Трудно было Косте на первых порах осваивать новые условия работы. Раньше хоть и не был он "в курсе", однако все для него было ясно. Молодежь в цехе, и он вместе с ней. А теперь между ними стол, три этажа и бюро пропусков.
Правда, теперь у Квасова телефон. Нет-нет да и позвонит товарищ Вельможкин:
— Ну как, заворачиваешь?
— Заворачиваю.
— Правильно! Давай, заворачивай!
А что заворачивать,
Но не напрасно товарищ Вельможкин хлопотал о телефоне. Телефон, как известно, сам по себе существовать не может. При нем обязательно должен быть технический аппарат. У Вельможкина при телефоне был специальный помощник. Добыл и Квасов себе помощника. Посадил рядом с собой златовласую Дусю. Дуся оказалась разбитным человеком; она добыла для себя стол, пишущую машинку и быстро установила контакт со всеми горкомовскими девушками. А эти девушки были на редкость любопытными особами: одной хотелось знать все, что касалось железных стружек и обрезков, вторая беспрестанно требовала цифр о сборе куриного помета, третья не могла уснуть, не собрав свежих сведений о всех полученных школьниками за день двойках и тройках.

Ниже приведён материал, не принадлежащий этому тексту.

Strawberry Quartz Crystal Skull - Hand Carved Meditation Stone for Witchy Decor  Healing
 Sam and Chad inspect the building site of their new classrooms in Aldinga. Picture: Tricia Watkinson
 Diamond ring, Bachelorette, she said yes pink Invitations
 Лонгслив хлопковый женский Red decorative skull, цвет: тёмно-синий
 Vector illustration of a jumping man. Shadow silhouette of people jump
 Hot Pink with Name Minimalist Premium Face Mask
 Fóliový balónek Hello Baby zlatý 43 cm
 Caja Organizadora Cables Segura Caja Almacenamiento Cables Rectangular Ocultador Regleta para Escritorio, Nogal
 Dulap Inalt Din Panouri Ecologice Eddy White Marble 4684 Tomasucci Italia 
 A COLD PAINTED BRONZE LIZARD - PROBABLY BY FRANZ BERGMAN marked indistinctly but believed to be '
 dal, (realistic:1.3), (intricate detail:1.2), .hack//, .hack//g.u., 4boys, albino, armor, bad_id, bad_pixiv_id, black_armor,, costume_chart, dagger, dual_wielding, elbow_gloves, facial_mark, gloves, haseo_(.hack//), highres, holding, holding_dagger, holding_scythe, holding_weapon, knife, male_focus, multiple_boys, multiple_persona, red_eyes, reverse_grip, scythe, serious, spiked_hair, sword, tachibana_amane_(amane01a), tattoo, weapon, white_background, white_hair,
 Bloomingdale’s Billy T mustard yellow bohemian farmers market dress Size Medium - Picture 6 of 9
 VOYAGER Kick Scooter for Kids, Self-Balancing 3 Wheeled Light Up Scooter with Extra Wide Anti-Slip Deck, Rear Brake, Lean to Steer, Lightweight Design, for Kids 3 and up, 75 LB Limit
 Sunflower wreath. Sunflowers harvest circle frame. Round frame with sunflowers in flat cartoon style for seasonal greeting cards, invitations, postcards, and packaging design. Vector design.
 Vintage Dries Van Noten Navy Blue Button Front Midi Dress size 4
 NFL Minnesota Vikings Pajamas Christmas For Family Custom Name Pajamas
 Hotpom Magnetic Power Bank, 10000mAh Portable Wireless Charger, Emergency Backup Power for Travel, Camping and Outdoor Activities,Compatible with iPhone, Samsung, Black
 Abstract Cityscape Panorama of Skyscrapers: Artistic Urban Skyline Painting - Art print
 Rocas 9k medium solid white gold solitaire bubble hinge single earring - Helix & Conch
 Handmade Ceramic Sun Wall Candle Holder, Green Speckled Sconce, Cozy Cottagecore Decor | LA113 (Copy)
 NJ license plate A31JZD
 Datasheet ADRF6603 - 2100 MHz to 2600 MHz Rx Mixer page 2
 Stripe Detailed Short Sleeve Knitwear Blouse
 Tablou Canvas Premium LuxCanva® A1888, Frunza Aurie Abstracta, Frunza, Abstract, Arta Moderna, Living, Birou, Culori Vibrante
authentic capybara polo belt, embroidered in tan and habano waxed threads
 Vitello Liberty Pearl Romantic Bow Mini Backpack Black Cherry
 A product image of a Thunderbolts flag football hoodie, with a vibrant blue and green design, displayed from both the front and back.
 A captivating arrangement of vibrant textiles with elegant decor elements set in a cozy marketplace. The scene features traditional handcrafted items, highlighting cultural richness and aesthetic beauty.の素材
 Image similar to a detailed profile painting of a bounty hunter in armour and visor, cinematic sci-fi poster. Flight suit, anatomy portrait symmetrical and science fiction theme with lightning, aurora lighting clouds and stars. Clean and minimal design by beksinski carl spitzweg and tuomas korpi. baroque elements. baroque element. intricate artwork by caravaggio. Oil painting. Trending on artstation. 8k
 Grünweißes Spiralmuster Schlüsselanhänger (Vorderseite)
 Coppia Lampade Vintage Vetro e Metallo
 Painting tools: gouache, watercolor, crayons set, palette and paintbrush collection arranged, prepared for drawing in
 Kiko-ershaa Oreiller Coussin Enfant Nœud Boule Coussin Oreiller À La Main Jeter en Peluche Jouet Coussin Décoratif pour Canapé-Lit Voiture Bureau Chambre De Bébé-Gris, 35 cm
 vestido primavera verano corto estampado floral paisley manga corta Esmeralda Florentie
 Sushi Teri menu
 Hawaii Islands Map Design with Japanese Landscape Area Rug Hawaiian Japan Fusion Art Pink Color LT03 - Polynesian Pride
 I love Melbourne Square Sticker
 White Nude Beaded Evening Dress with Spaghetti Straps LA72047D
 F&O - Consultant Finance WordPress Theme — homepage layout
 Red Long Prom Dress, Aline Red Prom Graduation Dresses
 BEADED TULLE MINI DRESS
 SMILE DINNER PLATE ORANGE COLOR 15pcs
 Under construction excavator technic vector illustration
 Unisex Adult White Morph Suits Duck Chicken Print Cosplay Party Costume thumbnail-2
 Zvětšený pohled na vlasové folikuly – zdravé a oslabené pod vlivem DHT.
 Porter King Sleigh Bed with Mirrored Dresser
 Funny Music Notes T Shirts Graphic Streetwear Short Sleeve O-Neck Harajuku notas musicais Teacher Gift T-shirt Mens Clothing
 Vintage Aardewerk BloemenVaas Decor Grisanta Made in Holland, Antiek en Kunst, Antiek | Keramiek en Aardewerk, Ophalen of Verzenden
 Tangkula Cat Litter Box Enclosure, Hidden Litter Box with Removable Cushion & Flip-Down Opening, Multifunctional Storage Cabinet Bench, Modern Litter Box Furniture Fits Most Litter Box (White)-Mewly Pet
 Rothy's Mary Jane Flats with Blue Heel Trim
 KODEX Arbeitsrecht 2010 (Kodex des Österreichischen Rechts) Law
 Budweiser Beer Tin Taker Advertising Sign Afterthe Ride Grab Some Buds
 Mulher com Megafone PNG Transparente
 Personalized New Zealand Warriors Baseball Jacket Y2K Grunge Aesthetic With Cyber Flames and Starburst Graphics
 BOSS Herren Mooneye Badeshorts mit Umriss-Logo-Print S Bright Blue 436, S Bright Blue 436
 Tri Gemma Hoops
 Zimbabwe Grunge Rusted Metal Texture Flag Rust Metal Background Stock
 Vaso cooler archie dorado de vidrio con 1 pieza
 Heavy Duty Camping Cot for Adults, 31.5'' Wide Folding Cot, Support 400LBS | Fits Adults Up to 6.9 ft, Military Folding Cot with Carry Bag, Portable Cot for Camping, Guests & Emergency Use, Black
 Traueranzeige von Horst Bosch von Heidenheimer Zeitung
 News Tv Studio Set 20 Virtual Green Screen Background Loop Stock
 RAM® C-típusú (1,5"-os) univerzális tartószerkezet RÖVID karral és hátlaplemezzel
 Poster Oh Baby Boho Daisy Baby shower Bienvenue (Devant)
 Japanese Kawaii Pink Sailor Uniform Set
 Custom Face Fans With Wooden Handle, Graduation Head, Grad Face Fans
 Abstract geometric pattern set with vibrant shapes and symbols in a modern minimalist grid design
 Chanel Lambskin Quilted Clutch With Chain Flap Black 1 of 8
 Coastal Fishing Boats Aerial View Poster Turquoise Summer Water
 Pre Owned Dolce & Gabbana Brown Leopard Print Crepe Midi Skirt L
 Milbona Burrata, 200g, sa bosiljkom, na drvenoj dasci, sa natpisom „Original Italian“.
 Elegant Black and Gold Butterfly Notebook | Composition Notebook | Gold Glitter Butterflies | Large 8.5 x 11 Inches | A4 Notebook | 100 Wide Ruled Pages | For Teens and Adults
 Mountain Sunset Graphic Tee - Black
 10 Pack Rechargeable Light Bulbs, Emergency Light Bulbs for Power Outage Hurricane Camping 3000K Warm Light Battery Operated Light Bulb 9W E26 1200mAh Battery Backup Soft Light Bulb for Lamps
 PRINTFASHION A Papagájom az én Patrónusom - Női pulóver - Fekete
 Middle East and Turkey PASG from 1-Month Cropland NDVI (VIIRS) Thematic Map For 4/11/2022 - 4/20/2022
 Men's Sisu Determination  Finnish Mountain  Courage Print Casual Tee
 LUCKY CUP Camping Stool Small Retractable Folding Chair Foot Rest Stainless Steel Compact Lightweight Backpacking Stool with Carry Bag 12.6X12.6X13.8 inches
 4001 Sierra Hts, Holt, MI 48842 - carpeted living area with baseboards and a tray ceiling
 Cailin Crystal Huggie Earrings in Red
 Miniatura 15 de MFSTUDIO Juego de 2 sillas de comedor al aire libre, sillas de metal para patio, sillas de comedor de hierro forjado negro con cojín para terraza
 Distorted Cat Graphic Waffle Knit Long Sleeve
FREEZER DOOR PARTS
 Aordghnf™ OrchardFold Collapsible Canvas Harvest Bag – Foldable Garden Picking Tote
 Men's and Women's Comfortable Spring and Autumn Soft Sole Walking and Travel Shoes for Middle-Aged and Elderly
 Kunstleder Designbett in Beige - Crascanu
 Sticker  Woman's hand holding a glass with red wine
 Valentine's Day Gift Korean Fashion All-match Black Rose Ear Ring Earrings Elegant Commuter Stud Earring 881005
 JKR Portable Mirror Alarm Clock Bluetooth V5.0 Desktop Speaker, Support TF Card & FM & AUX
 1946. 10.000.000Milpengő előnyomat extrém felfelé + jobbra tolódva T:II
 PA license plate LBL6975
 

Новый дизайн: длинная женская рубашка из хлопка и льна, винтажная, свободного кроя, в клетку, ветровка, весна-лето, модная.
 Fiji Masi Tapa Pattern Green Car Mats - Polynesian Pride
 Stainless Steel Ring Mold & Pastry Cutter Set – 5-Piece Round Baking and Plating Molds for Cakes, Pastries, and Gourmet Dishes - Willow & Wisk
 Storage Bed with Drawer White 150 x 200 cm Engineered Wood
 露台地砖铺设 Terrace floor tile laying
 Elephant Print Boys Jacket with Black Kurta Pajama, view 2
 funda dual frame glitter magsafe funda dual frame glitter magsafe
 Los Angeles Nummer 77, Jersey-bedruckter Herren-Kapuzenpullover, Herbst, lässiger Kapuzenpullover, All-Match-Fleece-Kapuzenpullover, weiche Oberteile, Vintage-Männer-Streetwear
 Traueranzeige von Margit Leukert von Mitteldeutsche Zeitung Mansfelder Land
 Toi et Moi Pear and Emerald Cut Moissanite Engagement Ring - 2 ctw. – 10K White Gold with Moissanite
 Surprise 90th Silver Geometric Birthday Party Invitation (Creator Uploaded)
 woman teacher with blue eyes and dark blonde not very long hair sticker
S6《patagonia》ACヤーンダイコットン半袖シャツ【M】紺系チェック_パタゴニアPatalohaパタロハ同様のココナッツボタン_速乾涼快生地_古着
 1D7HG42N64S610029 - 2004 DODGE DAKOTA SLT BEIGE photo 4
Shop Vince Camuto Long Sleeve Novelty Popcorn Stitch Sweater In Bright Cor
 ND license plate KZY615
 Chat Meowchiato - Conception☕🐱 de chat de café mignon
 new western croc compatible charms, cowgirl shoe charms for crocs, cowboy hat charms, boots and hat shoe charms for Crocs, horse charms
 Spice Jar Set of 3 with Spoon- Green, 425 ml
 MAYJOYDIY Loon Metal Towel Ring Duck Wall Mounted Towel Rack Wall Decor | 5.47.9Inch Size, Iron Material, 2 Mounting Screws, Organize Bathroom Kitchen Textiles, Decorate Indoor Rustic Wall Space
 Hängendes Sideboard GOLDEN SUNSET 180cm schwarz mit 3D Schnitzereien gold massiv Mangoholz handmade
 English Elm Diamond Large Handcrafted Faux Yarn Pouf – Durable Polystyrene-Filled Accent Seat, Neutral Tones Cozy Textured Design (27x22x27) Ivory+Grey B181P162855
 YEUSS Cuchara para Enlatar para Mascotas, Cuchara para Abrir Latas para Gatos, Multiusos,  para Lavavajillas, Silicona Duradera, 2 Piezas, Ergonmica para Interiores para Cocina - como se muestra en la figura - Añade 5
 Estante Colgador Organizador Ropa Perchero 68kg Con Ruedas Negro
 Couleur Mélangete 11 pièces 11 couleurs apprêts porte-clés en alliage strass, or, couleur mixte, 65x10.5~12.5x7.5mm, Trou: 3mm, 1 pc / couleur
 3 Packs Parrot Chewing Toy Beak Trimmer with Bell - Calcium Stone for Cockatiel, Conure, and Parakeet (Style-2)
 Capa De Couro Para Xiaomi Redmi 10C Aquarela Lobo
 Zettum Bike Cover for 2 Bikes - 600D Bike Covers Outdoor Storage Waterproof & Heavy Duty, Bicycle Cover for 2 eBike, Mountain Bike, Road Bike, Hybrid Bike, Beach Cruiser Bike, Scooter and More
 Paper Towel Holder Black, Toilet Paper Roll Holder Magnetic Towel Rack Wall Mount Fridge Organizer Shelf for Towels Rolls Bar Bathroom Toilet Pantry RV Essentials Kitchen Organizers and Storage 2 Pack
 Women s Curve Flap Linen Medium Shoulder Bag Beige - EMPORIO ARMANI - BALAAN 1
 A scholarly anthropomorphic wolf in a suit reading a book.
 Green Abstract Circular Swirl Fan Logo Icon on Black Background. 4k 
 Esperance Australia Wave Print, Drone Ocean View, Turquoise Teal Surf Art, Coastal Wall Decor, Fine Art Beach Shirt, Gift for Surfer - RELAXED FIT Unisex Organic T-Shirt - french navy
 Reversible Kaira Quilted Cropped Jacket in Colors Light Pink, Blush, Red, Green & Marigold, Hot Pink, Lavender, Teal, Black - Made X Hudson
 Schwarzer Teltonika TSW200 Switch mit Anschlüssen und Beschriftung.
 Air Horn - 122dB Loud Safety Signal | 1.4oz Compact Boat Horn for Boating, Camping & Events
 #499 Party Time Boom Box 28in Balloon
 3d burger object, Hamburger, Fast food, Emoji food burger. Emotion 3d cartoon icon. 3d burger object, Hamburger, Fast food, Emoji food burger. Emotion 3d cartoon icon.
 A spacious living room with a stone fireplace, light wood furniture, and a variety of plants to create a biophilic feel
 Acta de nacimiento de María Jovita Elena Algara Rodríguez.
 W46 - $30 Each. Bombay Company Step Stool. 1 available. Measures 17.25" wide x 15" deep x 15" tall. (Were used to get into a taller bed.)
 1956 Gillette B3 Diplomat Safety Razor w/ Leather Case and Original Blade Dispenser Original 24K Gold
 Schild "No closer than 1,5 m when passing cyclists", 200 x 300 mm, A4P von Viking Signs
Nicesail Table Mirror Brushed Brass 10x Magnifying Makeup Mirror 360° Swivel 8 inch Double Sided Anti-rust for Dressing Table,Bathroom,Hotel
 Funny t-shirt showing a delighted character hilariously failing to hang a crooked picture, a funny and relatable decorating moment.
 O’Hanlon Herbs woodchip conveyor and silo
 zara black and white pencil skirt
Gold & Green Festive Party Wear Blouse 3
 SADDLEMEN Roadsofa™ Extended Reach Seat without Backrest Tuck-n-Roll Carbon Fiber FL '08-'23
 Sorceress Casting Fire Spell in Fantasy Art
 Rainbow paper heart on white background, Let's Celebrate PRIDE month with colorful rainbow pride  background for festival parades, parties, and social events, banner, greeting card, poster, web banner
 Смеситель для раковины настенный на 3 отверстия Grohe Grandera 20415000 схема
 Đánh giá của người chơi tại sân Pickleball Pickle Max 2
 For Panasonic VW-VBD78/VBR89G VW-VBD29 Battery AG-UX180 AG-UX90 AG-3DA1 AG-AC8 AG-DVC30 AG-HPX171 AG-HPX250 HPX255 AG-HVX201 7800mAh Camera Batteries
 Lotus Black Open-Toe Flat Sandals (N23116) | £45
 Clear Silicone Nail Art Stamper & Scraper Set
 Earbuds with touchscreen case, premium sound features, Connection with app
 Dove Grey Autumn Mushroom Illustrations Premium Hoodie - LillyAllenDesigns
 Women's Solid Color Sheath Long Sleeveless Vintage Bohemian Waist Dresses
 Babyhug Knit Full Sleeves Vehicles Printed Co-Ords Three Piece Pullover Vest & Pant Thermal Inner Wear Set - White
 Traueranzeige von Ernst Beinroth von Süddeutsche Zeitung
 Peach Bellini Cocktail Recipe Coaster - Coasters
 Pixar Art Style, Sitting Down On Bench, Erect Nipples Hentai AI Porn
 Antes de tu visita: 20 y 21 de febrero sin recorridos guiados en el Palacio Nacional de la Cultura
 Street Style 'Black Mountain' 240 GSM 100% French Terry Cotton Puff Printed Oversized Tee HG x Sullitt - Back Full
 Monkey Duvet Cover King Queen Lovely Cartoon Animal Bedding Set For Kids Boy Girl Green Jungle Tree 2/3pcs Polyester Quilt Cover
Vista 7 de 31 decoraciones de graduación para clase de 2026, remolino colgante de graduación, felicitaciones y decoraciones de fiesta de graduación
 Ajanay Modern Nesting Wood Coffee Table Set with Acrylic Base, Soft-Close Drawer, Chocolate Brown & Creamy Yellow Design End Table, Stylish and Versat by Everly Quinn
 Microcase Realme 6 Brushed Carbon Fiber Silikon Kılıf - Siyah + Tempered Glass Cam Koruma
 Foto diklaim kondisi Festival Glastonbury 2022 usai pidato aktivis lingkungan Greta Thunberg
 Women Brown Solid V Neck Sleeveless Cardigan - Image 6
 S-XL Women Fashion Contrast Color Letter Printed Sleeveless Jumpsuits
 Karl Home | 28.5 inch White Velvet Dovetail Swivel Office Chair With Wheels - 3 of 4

Косте уже некогда было скучать. С утра он закидывал удочки в цеховые и поселковые конторы, выуживая оттуда всякую цифровую «плотичку». Днем он садился с Дусей за разборку «улова». Вдвоем они отсортировывали железные обрезки от медных и чугунных, уточняли данные о помете и выводили среднешкольные единицы и двойки, выделяя, какое количество из двоек приходилось на долю членов ВЛКСМ и какое на долю несоюзной молодежи.
Для чего требовались все эти сведения горкомовским девушкам, Костя не знал. Да это для него было теперь и не важно. Важно было то, что Костя, по публичному свидетельству Вельможкина, серьезно входил "в курс".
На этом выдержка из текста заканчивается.